Please restate the data word for word, in full.

[Start of Attachment]

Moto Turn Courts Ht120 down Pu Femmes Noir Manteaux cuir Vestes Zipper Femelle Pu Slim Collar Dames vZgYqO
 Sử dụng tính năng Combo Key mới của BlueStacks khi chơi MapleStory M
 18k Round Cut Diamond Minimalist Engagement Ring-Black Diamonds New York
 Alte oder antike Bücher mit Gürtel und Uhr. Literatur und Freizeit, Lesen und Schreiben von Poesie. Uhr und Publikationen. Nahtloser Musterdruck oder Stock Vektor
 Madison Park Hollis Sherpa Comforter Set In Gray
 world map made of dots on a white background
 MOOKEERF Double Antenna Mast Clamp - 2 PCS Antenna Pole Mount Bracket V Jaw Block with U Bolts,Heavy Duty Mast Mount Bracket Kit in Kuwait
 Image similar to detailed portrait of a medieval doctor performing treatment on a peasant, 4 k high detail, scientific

[End of Attachment]

RESPONSE TO THE EXERCISE →
Moto Turn Courts Ht120 down Pu Femmes Noir Manteaux cuir Vestes Zipper Femelle Pu Slim Collar Dames vZgYqO
 Sử dụng tính năng Combo Key mới của BlueStacks khi chơi MapleStory M
 18k Round Cut Diamond Minimalist Engagement Ring-Black Diamonds New York
 Alte oder antike Bücher mit Gürtel und Uhr. Literatur und Freizeit, Lesen und Schreiben von Poesie. Uhr und Publikationen. Nahtloser Musterdruck oder Stock Vektor
 Madison Park Hollis Sherpa Comforter Set In Gray
 world map made of dots on a white background
 MOOKEERF Double Antenna Mast Clamp - 2 PCS Antenna Pole Mount Bracket V Jaw Block with U Bolts,Heavy Duty Mast Mount Bracket Kit in Kuwait
 Image similar to detailed portrait of a medieval doctor performing treatment on a peasant, 4 k high detail, scientific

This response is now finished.